Wednesday, August 09, 2017

'People of Faith Must Work Together to Improve Systems'

(This Faith and Values column appeared in Aug. 4 edition of The Indianapolis Star. The article is available only in the print edition, but not online. This version is reprinted with permission from the author. David Miner  is a long-time anti-hunger advocate in Indianapolis via Bread for the World, the Interfaith Hunger Initiative and other community activities).

By David Miner

“Dropped again” I mutter in anger. My cell phone carrier’s system has dropped my call once again. I pay them a substantial amount of money each month and I expect that they will provide a better system.

Jesus too paid attention to the systems of his day. “Stand up!” he said to the man with the withered hand in the story recorded in Mark 3. A withered hand was a serious detriment for a man of that time, guaranteeing a life of poverty, but it was the Sabbath and the law forbade healing on the Sabbath. Jesus could have told the man to meet him the next day, but he didn’t. Mark reports that Jesus looked around at the crowd in anger. He healed the man in the synagogue, standing up right in the middle of the political and religious leaders of his day. He knew the law needed changing.

Jesus continued the tradition of Old Testament prophets like Isaiah and Amos who spoke truth to the powerful of their day. In Isaiah 10 the prophet said: “Woe to those who make unjust laws, To those who issue oppressive decrees, To deprive the poor of their rights”.

Our Challenge
There’s an apocryphal story about a person encountering a baby floating down a river. Naturally the good-hearted person grabs the baby out of the swirling river and cares for them. Then another baby comes down the river, and another and another. Finally, someone is dispatched up the river to find out how the babies came to be in the river in the first place.

This is our challenge too, to not only help individuals in need but also to change the systems. Systems that keep a person from healing, or even more importantly systems that contribute to their need in the first place. Some of these systems arose inadvertently and some were sinfully crafted to fleece the vulnerable and less fortunate, but regardless they need fixing. It’s hard work and slow, but it can yield improvements that are deep, wide, just and sustainable.

There are lots of systems that need improvement. My particular focus is to end hunger. I work with churches, food pantries, food banks, and food rescue non-profits.
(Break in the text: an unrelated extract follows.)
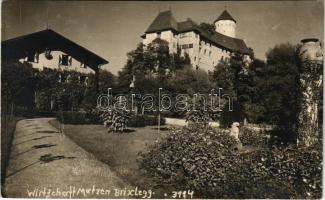 Brixlegg (Tirol), Wirtschaft Matzen / castle, inn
I also work with Bread for the World to change federal policy and programs so that our government plays its part.

I was volunteer executive director for the Interfaith Hunger Initiative. IHI was led by a wonderful group of people of diverse faith traditions, Christian pastors, Jewish Rabbis, a Pakistani Muslim, a Tibetan Buddhist in his long robes and more. We did events and raised money. Over a six-year period we raised $750,000 and were providing a daily school lunch for 3,000 AIDS orphans in Kenya.

Then came devastating news, not from Kenya but from DC. While we were doing all this work there was one vote in Congress – a single act of Congress – that took $800 million out of an international school lunch program. We helped 3 thousand kids, but lunch was lost for 3 million kids! Ouch!

When people of faith work together to improve the systems, we can impact 10’s or even 100’s of thousands of lives. We can even end hunger altogether.